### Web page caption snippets
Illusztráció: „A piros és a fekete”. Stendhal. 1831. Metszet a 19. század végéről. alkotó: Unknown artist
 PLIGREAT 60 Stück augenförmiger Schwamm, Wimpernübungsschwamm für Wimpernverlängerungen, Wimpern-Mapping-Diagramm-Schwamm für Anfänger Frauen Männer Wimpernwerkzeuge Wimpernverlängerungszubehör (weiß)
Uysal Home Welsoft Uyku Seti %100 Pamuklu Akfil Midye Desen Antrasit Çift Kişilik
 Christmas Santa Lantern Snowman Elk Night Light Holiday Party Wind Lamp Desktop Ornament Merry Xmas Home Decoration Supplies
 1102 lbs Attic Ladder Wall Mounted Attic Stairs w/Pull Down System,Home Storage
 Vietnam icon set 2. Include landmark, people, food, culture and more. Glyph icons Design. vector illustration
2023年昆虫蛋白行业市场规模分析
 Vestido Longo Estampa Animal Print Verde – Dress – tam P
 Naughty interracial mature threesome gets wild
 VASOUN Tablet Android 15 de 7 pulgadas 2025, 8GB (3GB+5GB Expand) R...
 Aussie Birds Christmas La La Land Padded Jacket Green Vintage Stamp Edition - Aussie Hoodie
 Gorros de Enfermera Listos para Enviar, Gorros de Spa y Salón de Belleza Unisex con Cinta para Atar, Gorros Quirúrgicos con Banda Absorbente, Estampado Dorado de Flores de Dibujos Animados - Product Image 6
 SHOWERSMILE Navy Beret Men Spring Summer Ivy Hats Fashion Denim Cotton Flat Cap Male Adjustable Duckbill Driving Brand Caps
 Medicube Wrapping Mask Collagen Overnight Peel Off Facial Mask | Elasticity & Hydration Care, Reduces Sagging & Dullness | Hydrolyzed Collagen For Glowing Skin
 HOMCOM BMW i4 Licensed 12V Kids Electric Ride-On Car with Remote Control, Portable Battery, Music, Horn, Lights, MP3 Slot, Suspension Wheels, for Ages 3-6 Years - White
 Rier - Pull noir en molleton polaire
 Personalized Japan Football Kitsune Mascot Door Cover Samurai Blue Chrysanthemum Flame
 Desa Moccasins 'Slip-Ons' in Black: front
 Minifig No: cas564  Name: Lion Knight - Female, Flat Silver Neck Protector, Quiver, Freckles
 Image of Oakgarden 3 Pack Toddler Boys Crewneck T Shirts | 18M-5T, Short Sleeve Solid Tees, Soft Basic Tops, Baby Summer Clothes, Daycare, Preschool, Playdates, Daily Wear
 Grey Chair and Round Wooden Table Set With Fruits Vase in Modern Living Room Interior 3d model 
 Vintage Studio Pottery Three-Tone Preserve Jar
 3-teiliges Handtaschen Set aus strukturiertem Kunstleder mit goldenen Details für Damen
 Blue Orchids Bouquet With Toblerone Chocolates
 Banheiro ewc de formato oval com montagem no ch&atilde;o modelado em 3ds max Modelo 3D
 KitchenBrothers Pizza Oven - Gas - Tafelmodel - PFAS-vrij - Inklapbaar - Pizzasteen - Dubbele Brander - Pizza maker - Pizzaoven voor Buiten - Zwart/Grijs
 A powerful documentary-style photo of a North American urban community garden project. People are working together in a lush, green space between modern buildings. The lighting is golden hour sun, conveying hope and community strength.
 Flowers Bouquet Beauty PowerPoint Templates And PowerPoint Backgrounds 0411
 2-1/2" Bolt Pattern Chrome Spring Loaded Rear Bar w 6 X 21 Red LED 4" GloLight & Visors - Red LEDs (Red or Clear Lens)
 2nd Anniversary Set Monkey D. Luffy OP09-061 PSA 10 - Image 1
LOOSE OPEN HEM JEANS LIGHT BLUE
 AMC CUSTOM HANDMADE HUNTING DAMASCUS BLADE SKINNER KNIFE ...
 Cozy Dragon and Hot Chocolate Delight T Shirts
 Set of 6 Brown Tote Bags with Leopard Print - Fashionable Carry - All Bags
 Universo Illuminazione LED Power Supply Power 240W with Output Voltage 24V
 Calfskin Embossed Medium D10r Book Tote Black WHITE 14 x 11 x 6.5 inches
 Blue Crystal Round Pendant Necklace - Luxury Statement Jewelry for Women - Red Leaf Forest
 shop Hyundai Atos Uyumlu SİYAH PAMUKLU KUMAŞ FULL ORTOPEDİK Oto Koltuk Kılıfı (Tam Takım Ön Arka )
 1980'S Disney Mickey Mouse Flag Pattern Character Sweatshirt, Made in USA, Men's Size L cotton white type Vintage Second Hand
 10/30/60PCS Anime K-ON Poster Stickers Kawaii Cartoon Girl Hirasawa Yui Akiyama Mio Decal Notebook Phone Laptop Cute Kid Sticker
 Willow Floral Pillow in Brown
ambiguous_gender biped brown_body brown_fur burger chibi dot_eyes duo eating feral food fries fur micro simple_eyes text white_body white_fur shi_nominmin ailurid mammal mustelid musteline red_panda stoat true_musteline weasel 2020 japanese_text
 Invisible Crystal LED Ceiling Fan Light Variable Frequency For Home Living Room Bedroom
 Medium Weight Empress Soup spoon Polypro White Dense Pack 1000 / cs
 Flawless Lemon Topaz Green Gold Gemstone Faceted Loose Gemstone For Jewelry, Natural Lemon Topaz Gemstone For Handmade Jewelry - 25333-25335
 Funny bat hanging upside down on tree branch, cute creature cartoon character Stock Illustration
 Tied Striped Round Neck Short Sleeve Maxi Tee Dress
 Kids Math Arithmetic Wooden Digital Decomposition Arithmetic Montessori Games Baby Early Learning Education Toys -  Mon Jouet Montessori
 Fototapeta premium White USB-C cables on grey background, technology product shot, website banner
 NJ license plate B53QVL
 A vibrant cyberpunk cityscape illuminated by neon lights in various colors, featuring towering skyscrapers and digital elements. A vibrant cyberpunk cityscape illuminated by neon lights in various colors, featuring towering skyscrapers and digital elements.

### TO DO
Repeat every line of the records, exactly as given.

### RESPONSE TO THE EXERCISE
Illusztráció: „A piros és a fekete”. Stendhal. 1831. Metszet a 19. század végéről. alkotó: Unknown artist
 PLIGREAT 60 Stück augenförmiger Schwamm, Wimpernübungsschwamm für Wimpernverlängerungen, Wimpern-Mapping-Diagramm-Schwamm für Anfänger Frauen Männer Wimpernwerkzeuge Wimpernverlängerungszubehör (weiß)
Uysal Home Welsoft Uyku Seti %100 Pamuklu Akfil Midye Desen Antrasit Çift Kişilik
 Christmas Santa Lantern Snowman Elk Night Light Holiday Party Wind Lamp Desktop Ornament Merry Xmas Home Decoration Supplies
 1102 lbs Attic Ladder Wall Mounted Attic Stairs w/Pull Down System,Home Storage
 Vietnam icon set 2. Include landmark, people, food, culture and more. Glyph icons Design. vector illustration
2023年昆虫蛋白行业市场规模分析
 Vestido Longo Estampa Animal Print Verde – Dress – tam P
 Naughty interracial mature threesome gets wild
 VASOUN Tablet Android 15 de 7 pulgadas 2025, 8GB (3GB+5GB Expand) R...
 Aussie Birds Christmas La La Land Padded Jacket Green Vintage Stamp Edition - Aussie Hoodie
 Gorros de Enfermera Listos para Enviar, Gorros de Spa y Salón de Belleza Unisex con Cinta para Atar, Gorros Quirúrgicos con Banda Absorbente, Estampado Dorado de Flores de Dibujos Animados - Product Image 6
 SHOWERSMILE Navy Beret Men Spring Summer Ivy Hats Fashion Denim Cotton Flat Cap Male Adjustable Duckbill Driving Brand Caps
 Medicube Wrapping Mask Collagen Overnight Peel Off Facial Mask | Elasticity & Hydration Care, Reduces Sagging & Dullness | Hydrolyzed Collagen For Glowing Skin
 HOMCOM BMW i4 Licensed 12V Kids Electric Ride-On Car with Remote Control, Portable Battery, Music, Horn, Lights, MP3 Slot, Suspension Wheels, for Ages 3-6 Years - White
 Rier - Pull noir en molleton polaire
 Personalized Japan Football Kitsune Mascot Door Cover Samurai Blue Chrysanthemum Flame
 Desa Moccasins 'Slip-Ons' in Black: front
 Minifig No: cas564  Name: Lion Knight - Female, Flat Silver Neck Protector, Quiver, Freckles
 Image of Oakgarden 3 Pack Toddler Boys Crewneck T Shirts | 18M-5T, Short Sleeve Solid Tees, Soft Basic Tops, Baby Summer Clothes, Daycare, Preschool, Playdates, Daily Wear
 Grey Chair and Round Wooden Table Set With Fruits Vase in Modern Living Room Interior 3d model 
 Vintage Studio Pottery Three-Tone Preserve Jar
 3-teiliges Handtaschen Set aus strukturiertem Kunstleder mit goldenen Details für Damen
 Blue Orchids Bouquet With Toblerone Chocolates
 Banheiro ewc de formato oval com montagem no ch&atilde;o modelado em 3ds max Modelo 3D
 KitchenBrothers Pizza Oven - Gas - Tafelmodel - PFAS-vrij - Inklapbaar - Pizzasteen - Dubbele Brander - Pizza maker - Pizzaoven voor Buiten - Zwart/Grijs
 A powerful documentary-style photo of a North American urban community garden project. People are working together in a lush, green space between modern buildings. The lighting is golden hour sun, conveying hope and community strength.
 Flowers Bouquet Beauty PowerPoint Templates And PowerPoint Backgrounds 0411
 2-1/2" Bolt Pattern Chrome Spring Loaded Rear Bar w 6 X 21 Red LED 4" GloLight & Visors - Red LEDs (Red or Clear Lens)
 2nd Anniversary Set Monkey D. Luffy OP09-061 PSA 10 - Image 1
LOOSE OPEN HEM JEANS LIGHT BLUE
 AMC CUSTOM HANDMADE HUNTING DAMASCUS BLADE SKINNER KNIFE ...
 Cozy Dragon and Hot Chocolate Delight T Shirts
 Set of 6 Brown Tote Bags with Leopard Print - Fashionable Carry - All Bags
 Universo Illuminazione LED Power Supply Power 240W with Output Voltage 24V
 Calfskin Embossed Medium D10r Book Tote Black WHITE 14 x 11 x 6.5 inches
 Blue Crystal Round Pendant Necklace - Luxury Statement Jewelry for Women - Red Leaf Forest
 shop Hyundai Atos Uyumlu SİYAH PAMUKLU KUMAŞ FULL ORTOPEDİK Oto Koltuk Kılıfı (Tam Takım Ön Arka )
 1980'S Disney Mickey Mouse Flag Pattern Character Sweatshirt, Made in USA, Men's Size L cotton white type Vintage Second Hand
 10/30/60PCS Anime K-ON Poster Stickers Kawaii Cartoon Girl Hirasawa Yui Akiyama Mio Decal Notebook Phone Laptop Cute Kid Sticker
 Willow Floral Pillow in Brown
ambiguous_gender biped brown_body brown_fur burger chibi dot_eyes duo eating feral food fries fur micro simple_eyes text white_body white_fur shi_nominmin ailurid mammal mustelid musteline red_panda stoat true_musteline weasel 2020 japanese_text
 Invisible Crystal LED Ceiling Fan Light Variable Frequency For Home Living Room Bedroom
 Medium Weight Empress Soup spoon Polypro White Dense Pack 1000 / cs
 Flawless Lemon Topaz Green Gold Gemstone Faceted Loose Gemstone For Jewelry, Natural Lemon Topaz Gemstone For Handmade Jewelry - 25333-25335
 Funny bat hanging upside down on tree branch, cute creature cartoon character Stock Illustration
 Tied Striped Round Neck Short Sleeve Maxi Tee Dress
 Kids Math Arithmetic Wooden Digital Decomposition Arithmetic Montessori Games Baby Early Learning Education Toys -  Mon Jouet Montessori
 Fototapeta premium White USB-C cables on grey background, technology product shot, website banner
 NJ license plate B53QVL
 A vibrant cyberpunk cityscape illuminated by neon lights in various colors, featuring towering skyscrapers and digital elements. A vibrant cyberpunk cityscape illuminated by neon lights in various colors, featuring towering skyscrapers and digital elements.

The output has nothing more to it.